CS35: Data Structures and Algorithms

Lab 7: N-Gram Viewer

Due on Wednesday, April 17 at 11:59 PM. This is a team lab. You and your assigned lab partner(s) will complete this lab together. Make sure that you are familiar with the Partner Etiquette guidelines. You may discuss the concepts of this lab with other classmates, but you may not share your code with anyone other than course staff and your lab partner(s). Do not look at solutions written by students other than your team. If your team needs help, please post on the Piazza forum or contact the instructor or ninjas. If you have any doubts about what is okay and what is not, it’s much safer to ask than to risk violating the Academic Integrity Policy.

We will be using Teammaker to form teams. You can log in to that site to indicate your preferred partner. Once you and your partner have specified each other, a GitHub repository will be created for your team. If you have any trouble using Teammaker, contact your instructor.

Overview
Starting Code
Part I: N-Gram Viewer Using a Max Heap
Part II: Written Lab
Summary of Requirements

Overview

For this lab you will use AVL-tree and max-heap data structures to construct an n-gram viewer, a way of summarizing common phrases in large collections of documents. You will also implement the bubbleUp and bubbleDown operations for a max heap. Finally you will complete some written work to test your understanding of balanced BSTs and heaps.

Starting Code

Your starting code can be found in the appropriate repository for your team. The following is a description of the repository’s initial contents; bolded files are those which you must change in completing the lab.

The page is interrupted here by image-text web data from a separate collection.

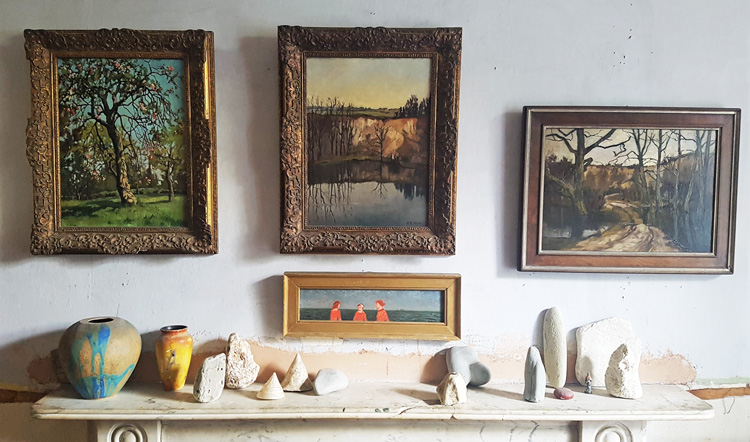 Anthony Eyton's home – mantelpiece with erratic rocks, and three of his mother's paintings, and one below by Richard Eurich. Photo: Juliet Rix.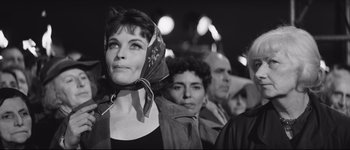 Movie still from “La Dolce Vita” (1960), directed by Federico Fellini – Black and white photograph of a woman in a crowd; Close Up shot, Low angle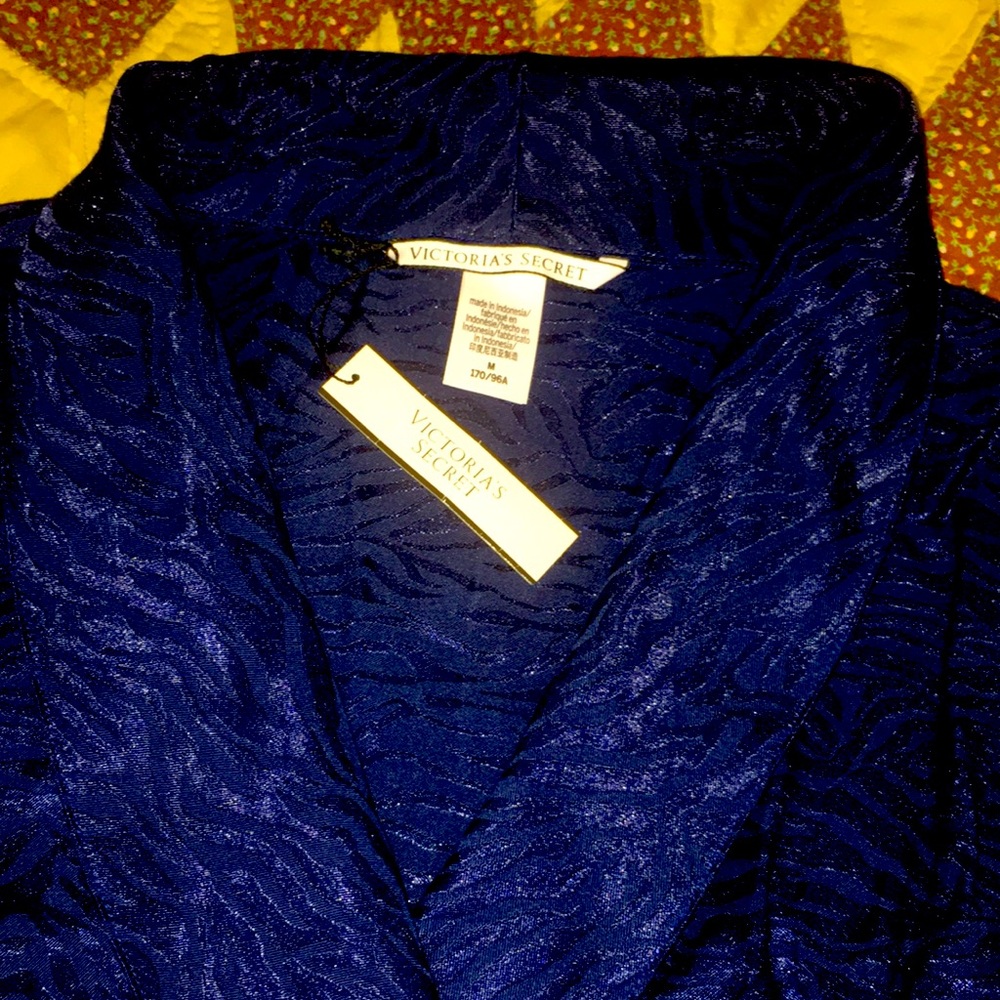 Authentic  beautiful VS overall .Silky material soft touch very nice materials.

adts/ and test_data/: As usual, you have simlinks to the ADT interface declarations and testing data.
maxHeap.h, maxHeap-private-inl.h, maxHeap-inl.h: The max-heap class you will be implementing.
nGramViewer.h, nGramViewer.cpp: The class that does the work of parsing documents and counting n-grams.
main.cpp: The user interface to the n-gram viewer.
nGramUtils.h, nGramUtils.cpp: These provide functions for reading files and converting between string and vector representations of n-grams.
tests.cpp and test*.cpp: The unit testing program you will use to confirm that your code is correct.
view_*.sh: scripts to simplify running your program on large data sets.
manualTests.cpp: A sandbox test program for you to use while you develop your program.
WrittenLab.tex and written-trees/, where you will complete written questions about AVL trees and heaps.

Part I: N-Gram Viewer Using a Max Heap

Your first task for this lab is to complete the implementation of a max heap. Code for all of the public methods has been provided for you, but those methods call the private bubbleUp and bubbleDown methods, which you will need to implement. The MaxHeap class represents data internally using a vector of priority/value pairs. An item’s index in the vector corresponds to its position in a level-order traversal of the tree. As a result, the index of any node’s parent or children can be computed from its index. You will implement helper functions for computing these parent/child indices.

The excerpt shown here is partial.